Interestingly the first stage is also underpinned by the words ‘Caveat Emptor’ – let the buyer beware! How many of your past corporate leaders would you willingly seek out to join forces with for a repeated relationship?
The second level of interaction is described as Transaction Satisfaction. It looks at breaking down one interaction into smaller touchpoints, recognizing that each touchpoint has a possibility of creating a positive or negative response. In service, the goal would be to maximize the positive and minimize or negate the negative. Imagine corporate leaders who are so attuned that every interaction with their team comes with an effect and that a sensory mechanism (grown from reflection, called connection) would steer a leader’s every interaction, ensuring positives every day for all parties. Afterall, research shows that each person needs repeated positive feedback, and those in excess of negative feedback, to build confidence. Leaders would be satisfied with team members, and team members would willingly work for the leader, jumping onto projects with abundant commitment and dedication.

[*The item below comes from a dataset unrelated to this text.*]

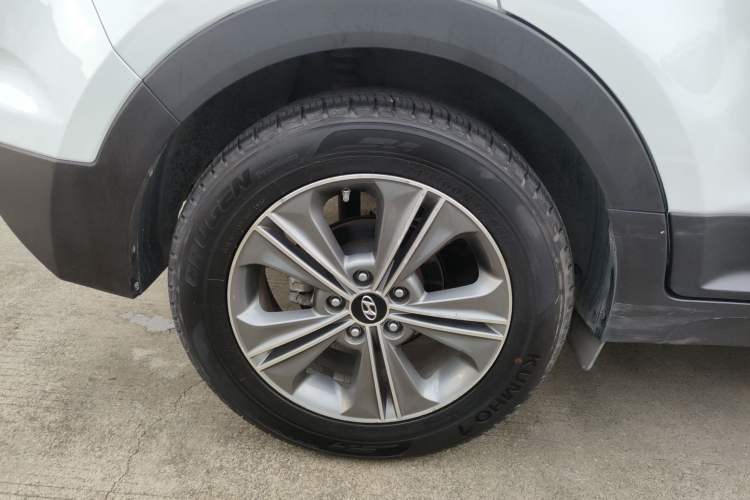 Used Hyundai ix25 2015 1.6L Automatic Two-Wheel Drive Smart GLS Trim Right Rear Wheel Hub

The third level of interaction is described as Reliable Relationships. It recognizes the goodness from a previous interaction and seeks to draw upon that for ongoing good. With dependability, consistency and reliability as bi-products, loyalty may be emerging, yet still in its infancy and can be broken at any time. What makes for a great leader in the eyes of a follower? Did Ghandi consistently follow his dream and was Mandela able to be depended upon for solutions? Were messages clear, always available and of a serving nature? Would followers or team members be assured of a thriving future when following this leader, and willingly engage with projects rather than simply turn up to work to be there!
The final level of the interaction model is described as Powerful Partnerships, whereby repeat business and increasing loyalty is cemented in the form of long-term commitments. This is driven by mutual gain and growth for all. As a very simple example in business, this would be defined as a ‘win-win’ relationship whereby a supplier offers his contacts as aligned and future suppliers to the client and the supplier himself may be rewarded with a better rate. Essentially both parties gain from look longterm commitment with greater two-way return.. In a corporate environment, this may translate as succession planning, development of corporate culture ambassadors and willingness to represent the company as an industry ambassador – all three being worth more than any money advertising could buy!
Commonly discussed is that leaders have an opportunity to display a responsibility mindset, which means service to all equally and for the greater good. Leadership is service not only towards achievement but fulfillment too.
What was not previously enunciated was that leadership is about ‘becoming’ and growing more focus, value, presence and connectivity as demonstrated in the ‘powerful partnership’ style, rather than just dependability and reliability – and really is there any better way to gain credibility….and afterall, in the words of Kouzes and Posner (The Leadership Challenge), credibility is the foundation of leadership!